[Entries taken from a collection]
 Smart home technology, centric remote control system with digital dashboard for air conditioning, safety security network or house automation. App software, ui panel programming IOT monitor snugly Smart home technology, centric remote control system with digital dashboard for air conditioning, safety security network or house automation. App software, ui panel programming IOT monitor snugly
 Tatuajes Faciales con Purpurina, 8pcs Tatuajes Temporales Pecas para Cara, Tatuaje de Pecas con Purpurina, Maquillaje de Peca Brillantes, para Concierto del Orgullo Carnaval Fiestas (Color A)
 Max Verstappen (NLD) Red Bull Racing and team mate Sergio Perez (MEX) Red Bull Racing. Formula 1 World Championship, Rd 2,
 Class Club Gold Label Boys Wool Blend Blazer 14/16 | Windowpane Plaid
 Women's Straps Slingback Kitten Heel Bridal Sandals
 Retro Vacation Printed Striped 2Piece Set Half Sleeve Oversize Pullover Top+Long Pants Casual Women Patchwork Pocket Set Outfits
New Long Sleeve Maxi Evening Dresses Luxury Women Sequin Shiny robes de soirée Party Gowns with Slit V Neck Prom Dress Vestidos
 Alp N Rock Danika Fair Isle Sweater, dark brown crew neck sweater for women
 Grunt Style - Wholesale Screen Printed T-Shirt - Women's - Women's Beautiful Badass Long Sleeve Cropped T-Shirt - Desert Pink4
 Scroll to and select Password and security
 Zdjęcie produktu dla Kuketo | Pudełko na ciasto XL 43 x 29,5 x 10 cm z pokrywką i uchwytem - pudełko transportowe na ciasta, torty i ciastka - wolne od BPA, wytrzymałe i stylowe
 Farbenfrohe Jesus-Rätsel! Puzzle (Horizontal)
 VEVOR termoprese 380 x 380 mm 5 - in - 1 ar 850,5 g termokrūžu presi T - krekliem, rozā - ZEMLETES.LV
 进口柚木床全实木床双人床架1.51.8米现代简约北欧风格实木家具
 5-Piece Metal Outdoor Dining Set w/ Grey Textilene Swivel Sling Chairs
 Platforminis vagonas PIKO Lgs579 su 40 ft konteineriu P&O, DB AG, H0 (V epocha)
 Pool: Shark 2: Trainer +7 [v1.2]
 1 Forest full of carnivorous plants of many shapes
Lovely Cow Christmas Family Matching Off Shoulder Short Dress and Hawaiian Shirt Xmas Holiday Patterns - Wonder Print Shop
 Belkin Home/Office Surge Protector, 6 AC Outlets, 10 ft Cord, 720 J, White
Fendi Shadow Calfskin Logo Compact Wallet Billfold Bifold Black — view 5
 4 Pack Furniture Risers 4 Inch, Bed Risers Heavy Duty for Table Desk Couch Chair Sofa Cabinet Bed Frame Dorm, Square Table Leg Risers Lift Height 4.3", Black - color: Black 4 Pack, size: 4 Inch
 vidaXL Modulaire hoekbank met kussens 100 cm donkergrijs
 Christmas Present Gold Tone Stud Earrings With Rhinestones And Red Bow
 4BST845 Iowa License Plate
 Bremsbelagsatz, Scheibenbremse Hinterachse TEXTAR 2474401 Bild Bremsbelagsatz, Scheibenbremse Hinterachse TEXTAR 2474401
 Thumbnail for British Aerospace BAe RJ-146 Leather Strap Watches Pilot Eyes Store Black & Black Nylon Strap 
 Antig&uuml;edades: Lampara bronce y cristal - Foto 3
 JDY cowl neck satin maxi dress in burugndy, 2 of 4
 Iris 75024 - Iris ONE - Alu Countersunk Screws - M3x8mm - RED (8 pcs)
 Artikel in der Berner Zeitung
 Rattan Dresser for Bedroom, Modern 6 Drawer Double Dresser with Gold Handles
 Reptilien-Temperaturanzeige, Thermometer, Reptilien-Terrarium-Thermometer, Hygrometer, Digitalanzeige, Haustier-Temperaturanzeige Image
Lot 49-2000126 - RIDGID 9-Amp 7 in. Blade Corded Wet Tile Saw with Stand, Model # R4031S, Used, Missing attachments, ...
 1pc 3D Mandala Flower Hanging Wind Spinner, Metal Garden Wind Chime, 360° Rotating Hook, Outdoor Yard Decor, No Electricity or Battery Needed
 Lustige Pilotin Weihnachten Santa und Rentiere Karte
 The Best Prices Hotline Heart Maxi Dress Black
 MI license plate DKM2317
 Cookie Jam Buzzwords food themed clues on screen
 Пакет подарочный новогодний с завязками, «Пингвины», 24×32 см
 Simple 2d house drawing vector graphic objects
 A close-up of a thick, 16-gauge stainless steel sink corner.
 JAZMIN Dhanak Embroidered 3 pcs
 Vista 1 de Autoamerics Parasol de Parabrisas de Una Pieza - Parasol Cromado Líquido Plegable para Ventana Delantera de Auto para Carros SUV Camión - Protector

What you need to do — The reply must repeat all of the records precisely.

Response below —
 Smart home technology, centric remote control system with digital dashboard for air conditioning, safety security network or house automation. App software, ui panel programming IOT monitor snugly Smart home technology, centric remote control system with digital dashboard for air conditioning, safety security network or house automation. App software, ui panel programming IOT monitor snugly
 Tatuajes Faciales con Purpurina, 8pcs Tatuajes Temporales Pecas para Cara, Tatuaje de Pecas con Purpurina, Maquillaje de Peca Brillantes, para Concierto del Orgullo Carnaval Fiestas (Color A)
 Max Verstappen (NLD) Red Bull Racing and team mate Sergio Perez (MEX) Red Bull Racing. Formula 1 World Championship, Rd 2,
 Class Club Gold Label Boys Wool Blend Blazer 14/16 | Windowpane Plaid
 Women's Straps Slingback Kitten Heel Bridal Sandals
 Retro Vacation Printed Striped 2Piece Set Half Sleeve Oversize Pullover Top+Long Pants Casual Women Patchwork Pocket Set Outfits
New Long Sleeve Maxi Evening Dresses Luxury Women Sequin Shiny robes de soirée Party Gowns with Slit V Neck Prom Dress Vestidos
 Alp N Rock Danika Fair Isle Sweater, dark brown crew neck sweater for women
 Grunt Style - Wholesale Screen Printed T-Shirt - Women's - Women's Beautiful Badass Long Sleeve Cropped T-Shirt - Desert Pink4
 Scroll to and select Password and security
 Zdjęcie produktu dla Kuketo | Pudełko na ciasto XL 43 x 29,5 x 10 cm z pokrywką i uchwytem - pudełko transportowe na ciasta, torty i ciastka - wolne od BPA, wytrzymałe i stylowe
 Farbenfrohe Jesus-Rätsel! Puzzle (Horizontal)
 VEVOR termoprese 380 x 380 mm 5 - in - 1 ar 850,5 g termokrūžu presi T - krekliem, rozā - ZEMLETES.LV
 进口柚木床全实木床双人床架1.51.8米现代简约北欧风格实木家具
 5-Piece Metal Outdoor Dining Set w/ Grey Textilene Swivel Sling Chairs
 Platforminis vagonas PIKO Lgs579 su 40 ft konteineriu P&O, DB AG, H0 (V epocha)
 Pool: Shark 2: Trainer +7 [v1.2]
 1 Forest full of carnivorous plants of many shapes
Lovely Cow Christmas Family Matching Off Shoulder Short Dress and Hawaiian Shirt Xmas Holiday Patterns - Wonder Print Shop
 Belkin Home/Office Surge Protector, 6 AC Outlets, 10 ft Cord, 720 J, White
Fendi Shadow Calfskin Logo Compact Wallet Billfold Bifold Black — view 5
 4 Pack Furniture Risers 4 Inch, Bed Risers Heavy Duty for Table Desk Couch Chair Sofa Cabinet Bed Frame Dorm, Square Table Leg Risers Lift Height 4.3", Black - color: Black 4 Pack, size: 4 Inch
 vidaXL Modulaire hoekbank met kussens 100 cm donkergrijs
 Christmas Present Gold Tone Stud Earrings With Rhinestones And Red Bow
 4BST845 Iowa License Plate
 Bremsbelagsatz, Scheibenbremse Hinterachse TEXTAR 2474401 Bild Bremsbelagsatz, Scheibenbremse Hinterachse TEXTAR 2474401
 Thumbnail for British Aerospace BAe RJ-146 Leather Strap Watches Pilot Eyes Store Black & Black Nylon Strap 
 Antig&uuml;edades: Lampara bronce y cristal - Foto 3
 JDY cowl neck satin maxi dress in burugndy, 2 of 4
 Iris 75024 - Iris ONE - Alu Countersunk Screws - M3x8mm - RED (8 pcs)
 Artikel in der Berner Zeitung
 Rattan Dresser for Bedroom, Modern 6 Drawer Double Dresser with Gold Handles
 Reptilien-Temperaturanzeige, Thermometer, Reptilien-Terrarium-Thermometer, Hygrometer, Digitalanzeige, Haustier-Temperaturanzeige Image
Lot 49-2000126 - RIDGID 9-Amp 7 in. Blade Corded Wet Tile Saw with Stand, Model # R4031S, Used, Missing attachments, ...
 1pc 3D Mandala Flower Hanging Wind Spinner, Metal Garden Wind Chime, 360° Rotating Hook, Outdoor Yard Decor, No Electricity or Battery Needed
 Lustige Pilotin Weihnachten Santa und Rentiere Karte
 The Best Prices Hotline Heart Maxi Dress Black
 MI license plate DKM2317
 Cookie Jam Buzzwords food themed clues on screen
 Пакет подарочный новогодний с завязками, «Пингвины», 24×32 см
 Simple 2d house drawing vector graphic objects
 A close-up of a thick, 16-gauge stainless steel sink corner.
 JAZMIN Dhanak Embroidered 3 pcs
 Vista 1 de Autoamerics Parasol de Parabrisas de Una Pieza - Parasol Cromado Líquido Plegable para Ventana Delantera de Auto para Carros SUV Camión - Protector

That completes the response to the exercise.